Monday, August 22, 2011

Formatting to a String in Everest


I've never really liked strings for transporting data as they're memory pigs and introduce a huge performance penalty, however formatting to a string can be useful if you're debugging an application or just want to see the results of formatting. So I figured I'd do a short-ish post today and illustrate how this is done.

First, we'll need an instance, I've created a small sample message from the UV NE2008 assembly but it can be any instance that is IGraphable.

MCCI_IN000000UV01 instance = new MCCI_IN000000UV01(
    Guid.NewGuid(),
    DateTime.Now,
    MCCI_IN000000UV01.GetInteractionId(),
    ProcessingID.Training,
    "I",
    AcknowledgementCondition.Never);

Next, we'll define the formatter instance that is going to take this RMIM structure and render it using an ITS. I'm using XML ITS 1 with data types R1.

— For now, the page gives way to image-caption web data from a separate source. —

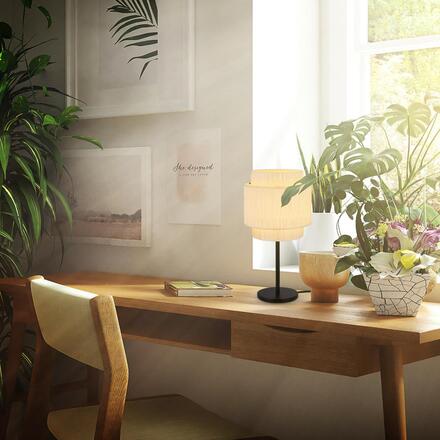 BRILONER Papper stolní lampa, stínidlo z přírodních vláken, přírodní 7851014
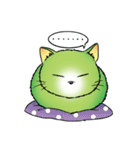 fat pretty cat（個別スタンプ：21）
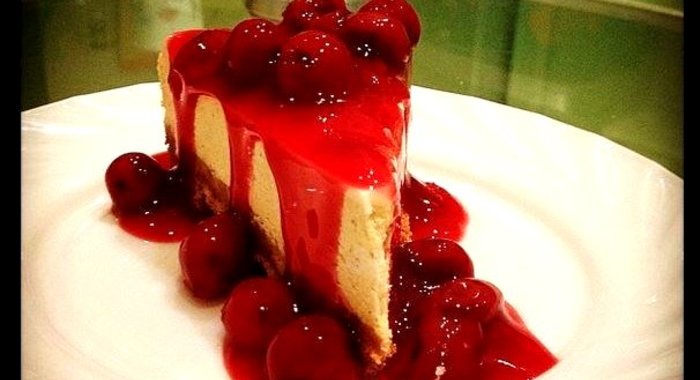 Чизкейк из творога и сметаны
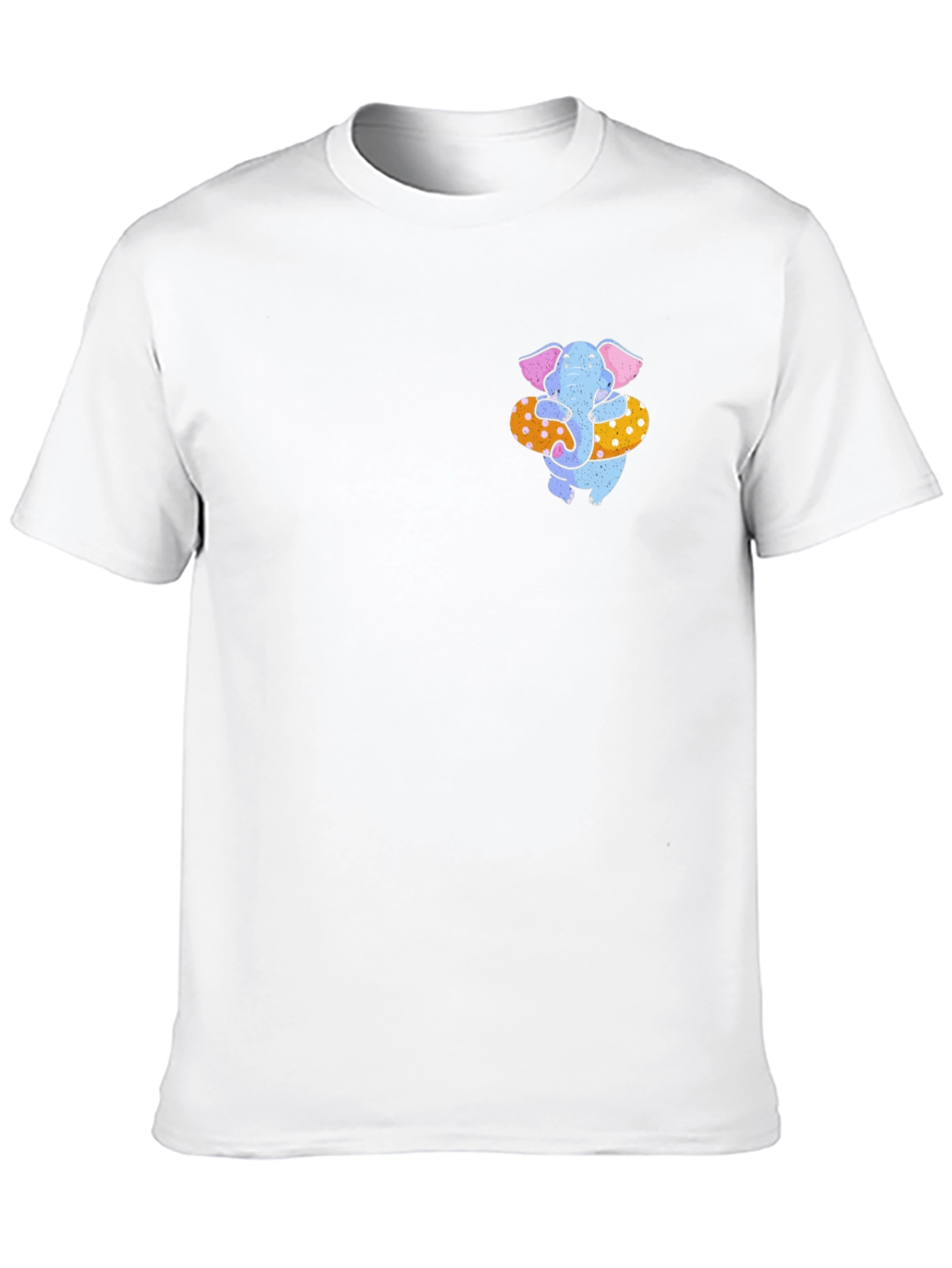 Elephant in Swim Ring Graphic Tee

var formatter = new MARC.Everest.Formatters.XML.ITS1.Formatter();
formatter.ValidateConformance = false;
formatter.GraphAides.Add(typeof(MARC.Everest.Formatters.XML.ITS1.Formatter));


I've disabled conformance checking as I assume since we're formatting to a string, we're just fiddling with Everest. I'd recommend setting ValidateConformance to true if you're seriously trying to create a conformant message. Next, we create a StringWriter class and attach an XmlWriter with indentation turned on (makes it easier to read):

StringWriter sw = new StringWriter();
XmlWriter xw = XmlWriter.Create(sw, new XmlWriterSettings()
      { Indent = true }
);


We could just format the instance as is, however it is always recommended you use an XmlStateWriter when dealing with Everest, so that what this next line does:

XmlStateWriter xsw = new XmlStateWriter(xw);

Next, we just format our instance and flush (or close) the XmlWriter.

try
{
   formatter.Graph(xsw, instance);
}
finally
{
   xw.Close();
   sw.Flush();
}

Notice I'm using the Graph() method, this is a new construct introduced in Everest RC3. If you're using RC2 or prior you can call GraphObject() instead. Finally, you can get your string by calling the ToString() method on the string writer. I've decided to print out to the console for demonstrative purposes:

Console.WriteLine(sw.ToString());
Console.ReadKey();

And there you have it! An XML Instance as a string. I wouldn't recommend using strings too heavily in your production code, like I said they're horrible from a memory consumption and performance POV. Streams and Writers/Readers are much faster and flexible.